You’ve probably seen some of the films shot in Fort Lauderdale – There’s Something About Mary, Out of Sight, Cape Fear, Donnie Brasco – maybe even Where the Boys Are.

But those were latecomers to the party. It was legendary director D.W. Griffith who made the first big-time Hollywood film here – in 1919. The population was less than 2,000, including a couple dozen registered Seminoles.

Builders of the first major hotel, rushing to get ready before the production company arrived, hadn’t quite finished. No problem for director Griffith: He had the company’s set people help finish carpentry and room decoration.

A dining area was not yet complete either. No matter again: Griffith’s traveling production kitchen cooked meals. That residence was the Broward Hotel, now long gone.

The film was The Idol Dancer, about romance and intrigue on a South Seas island. So why come here?

According to historian Stuart McIver, Griffith told locals then: “You people who live here and pursue your daily occupation amidst the natural tropical beauty of the country probably do not realize how wonderful your country is. But to someone who has never seen it before it is a revelation. There may be more beautiful rivers in the world than the New River, which flows through the heart of your city, but if so I have never seen it.”

The Idol Dancer – still in the silent film era – was the first to open in theaters, but Griffith was also shooting South Seas-style settings for a second drama, The Love Flower.

Griffith was a giant in the movie industry’s early years, inventing many of the cinematic techniques (close-ups, for example) still used today. He made an astounding 500 films between 1915 and 1931. During the year he was shooting here, he founded United Artists together with Charlie Chaplin, Mary Pickford and Douglas Fairbanks. Chaplin called Griffith “the teacher of us all.”

Filmmakers from Alfred Hitchcock to Stanley Kubrick praised Intolerance, Griffith’s second major film, which had four parallel story lines that were centuries apart. His first, 1915’s Birth of a Nation, was also a blockbuster, lauded for its pioneering cinematic and narrative techniques, but criticized for its nonjudgmental portrayal of slavery and the Ku Klux Klan. (Spike Lee’s latest film, BlacKkKlansman, features disturbing clips from Birth of a Nation.)

Griffith as director also had run-ins with Hollywood bigwigs. That prompted this from Orson Welles, a legend himself: “I have never really hated Hollywood except for its treatment of D. W. Griffith. No town, no industry, no profession, no art form owes so much to a single man.”

Set on a South Seas island, The Idol Dancer is the story of a young woman who loves to dance. The daughter of a French father and a Javanese mother, she has two suitors. One is a beachcomber and ne’er-do-well tossed off a passing ship, the second an infirm young American living on the island to regain his health. At some point natives from another island attack. The beachcomber reforms, and Mary comes to love him.

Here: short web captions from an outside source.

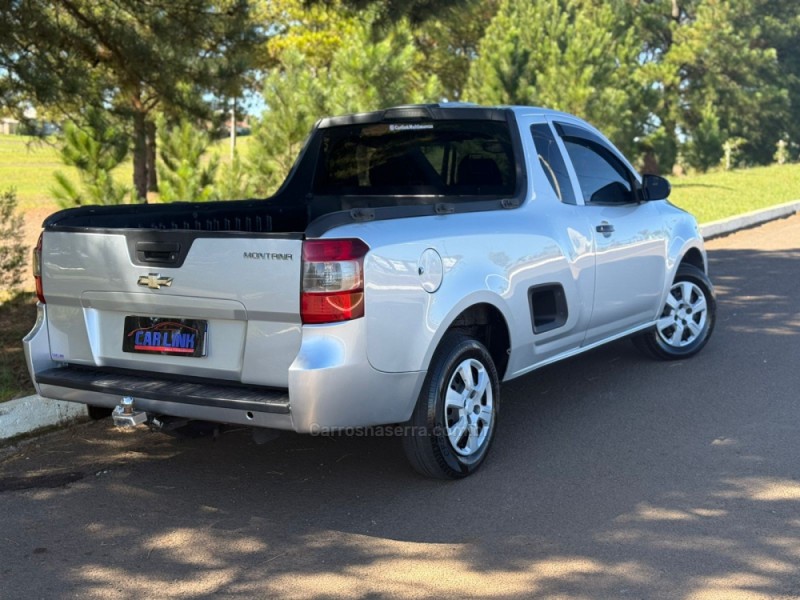 MONTANA 1.4 MPFI LS CS 8V FLEX 2P MANUAL - 2015 - VACARIA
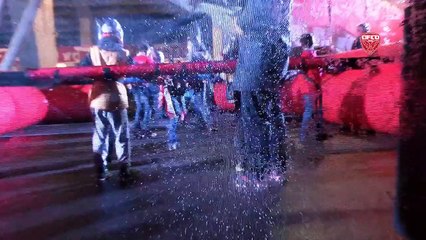 DFCO-Reims (2-1) : les Very Important Families ont adoré !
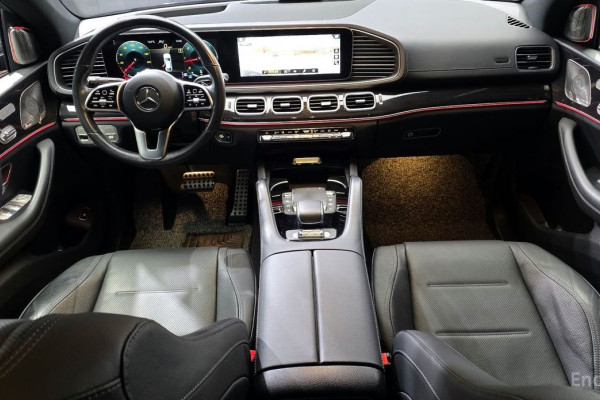 2022 Mercedes-Benz GLE Coupe с пробегом 37 242 км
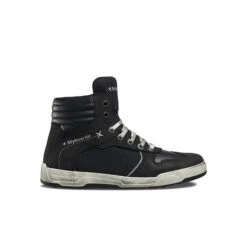 STYLMARTIN Motorrad Sneaker Atom - Schwarz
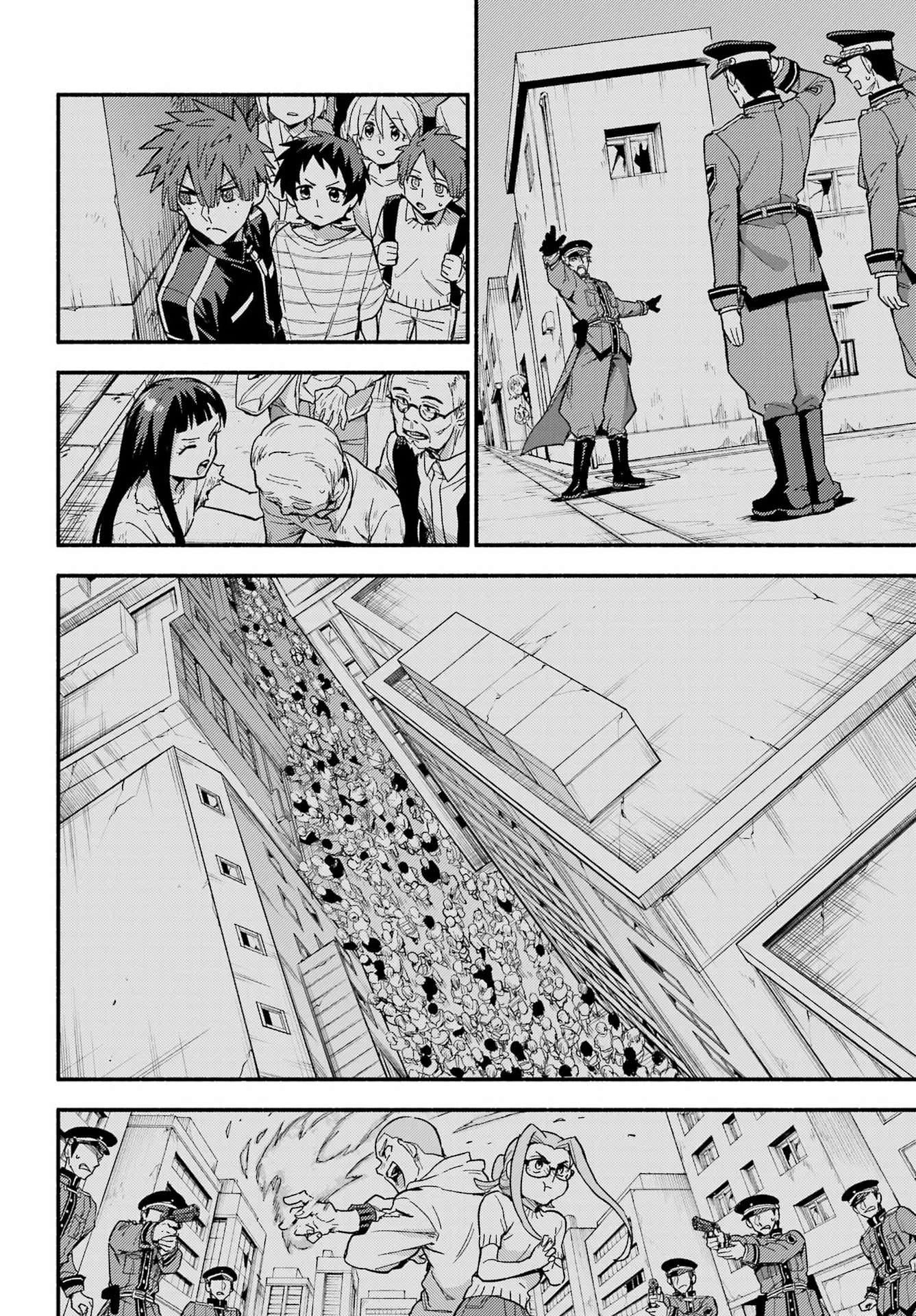 Munou Na Nana - Capítulo 120 - Página 34 - LectorTMOo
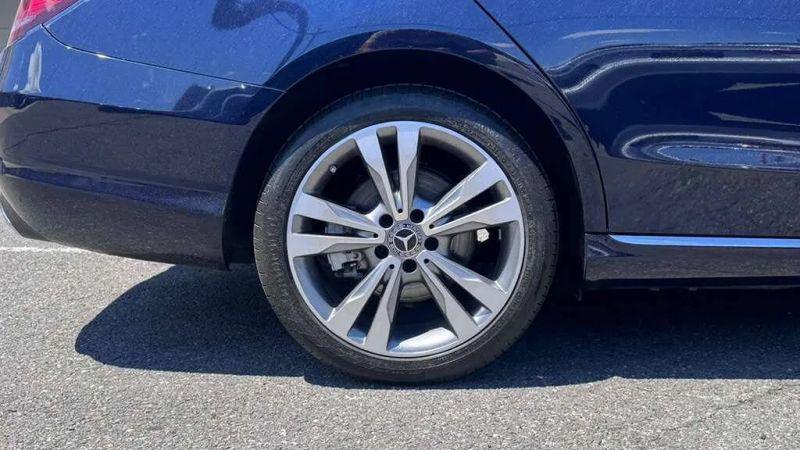 2019 Mercedes-Benz C-CLASS C 300 4MATIC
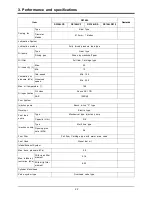 Предварительный просмотр 3 страницы Doosan DP158LCF Operation & Maintenance Manual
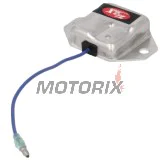 Regulátor dobíjení -TOURMAX- regulátor dobíjení, Yamaha TT 600 1985-1986, Yamaha TT 350 1986-1987
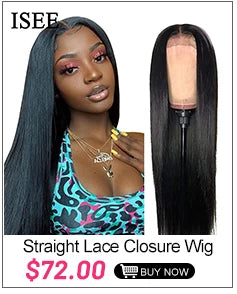 Headband Wig Human Hair ISEE HAIR Kinky Curly Human Hair Wigs For Women Brazilian Short Bob Wigs Glueless Full Machine Made Wig
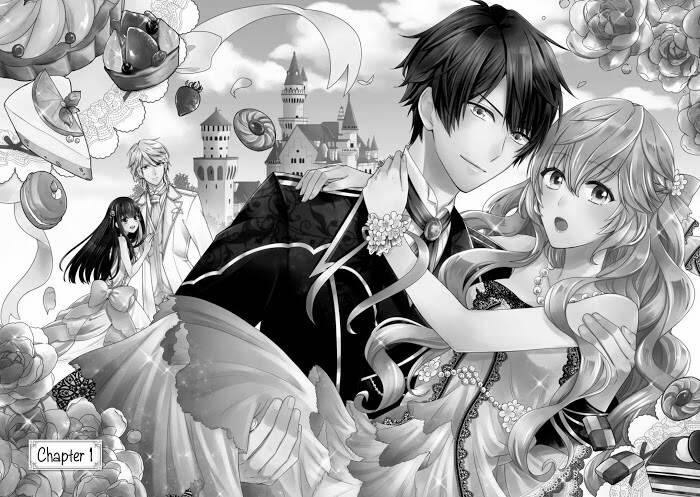 Nhân Vật Phản Diện Được Thái Tử Của Vương Quốc Láng Giềng Tôn Thờ 1 trang 3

Of course, the whole town came out to watch filming. While the stars were from Hollywood (Richard Barthelmess and Clarine Seymour), locals got parts in the film. Marion Reed, the daughter of former mayor Captain Will Reed, was in it, as well as Seminole interpreter Tony Tommie, who recruited additional Seminoles as actors. Even local schoolgirls were extras in a wedding scene.

Since there were no bridges built yet, boat captains ferried actors and crew back and forth across the New River; island village sets had been created on local farmland.

And when all the shooting was done, Griffith threw a Thanksgiving dance for the whole town.

Released in 1920, neither The Idol Dancer nor The Love Flower turned out to be critically acclaimed movies; they are barely mentioned by film historians. And in 1927, “talkies” came along, as The Jazz Singer hastened the end of the silent film era.

But for bringing Hollywood moviemaking to town, D.W. Griffith certainly earned rave reviews from our fledgling settlement.